Abstract

INTRODUCTION: Until the 1970s, peptic ulcer disease was the most prevalent cause for gastric outlet obstructions (GOO) and accounted for 90 percent of all cases. However, with the introduction of proton pump inhibitors (PPI) and the treatment of H. pylori infections, the etiology of GOO changed rapidly. Today, only around two percent of all peptic ulcers lead to GOO. Here we report the case of a woman with nausea, abdominal pain and coffee ground emesis, found to have a GOO, whose symptoms completely subsided under PPI treatment of a 12 mm large peptic ulcer (Forrest III) in the duodenal bulb. CASE DESCRIPTION/METHODS: A 62-year-old female patient with a history of hypothyroidism, recent left hip fracture repair and subsequent pulmonary embolism, presented with nausea, hematemesis, melena, epigastric pain, decreased appetite and weight loss. She was treated with daily aspirin 325 mg and apixaban, and denied any drug abuse. PPI prophylaxis was not administered. Her physical examination was unremarkable. Initial blood tests included blood count, electrolytes and coagulation monitoring, and were unremarkable except for mild anemia (hemoglobin 9.9 g/dL). Contrast CTs of the abdomen and pelvis with PO/IV contrast showed marked gastric distension with luminal narrowing at the level of the duodenal bulb. Small and large bowel appeared normal in caliber and neither obstructions nor wall thickenings could be found. Accordingly, an esophagogastroduodenoscopy was performed showing a non-bleeding, cratered ulcer with a clean ulcer base (Forrest III) in the duodenal bulb.
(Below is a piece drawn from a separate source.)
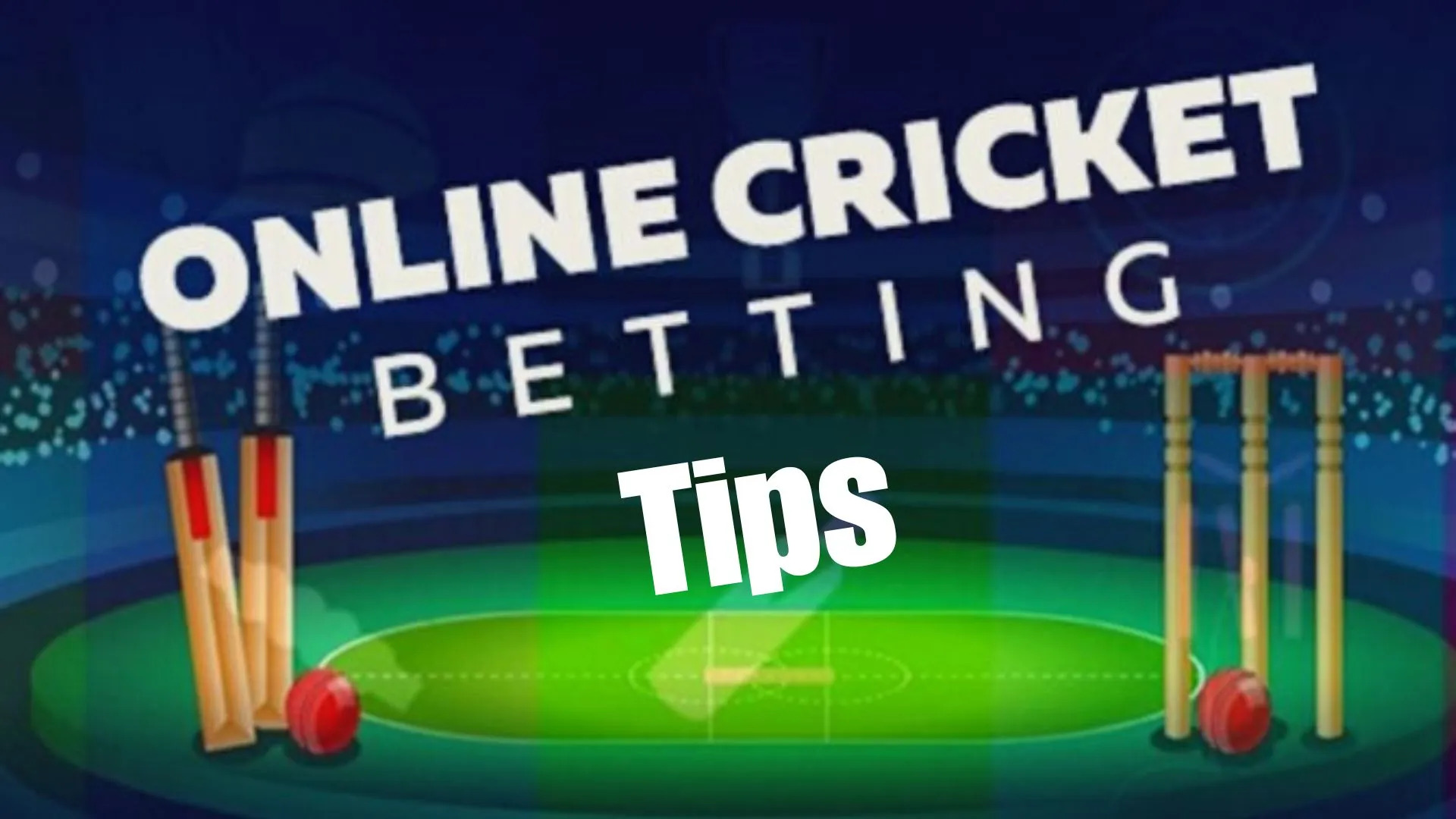 Cricket Prediction Tips That Actually Work on 1BitPlay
The lesion was 12 mm in largest dimension and surrounded by edema and erythema, resulting in a complete luminal obstruction. Upon gastric decompression with a nasogastric tube and PPI treatment, the patient recovered quickly and was discharged after four days. DISCUSSION: Due to an increase in PPI administration and H. pylori eradication in the last decades, peptic ulcers are nowadays treated early on, and gastric outlet obstruction has become a rare complication of peptic ulcer disease. In this case, we report on a 62-year-old patient who developed an obstructive peptic ulcer following extensive hip surgery and anticoagulation with aspirin and apixaban. We hereby want to highlight the importance of a timely PPI prophylaxis for peptic ulcer disease in severely ill patients with chronic NSAID intake. Conservative measures can moreover suffice to resolve the issue.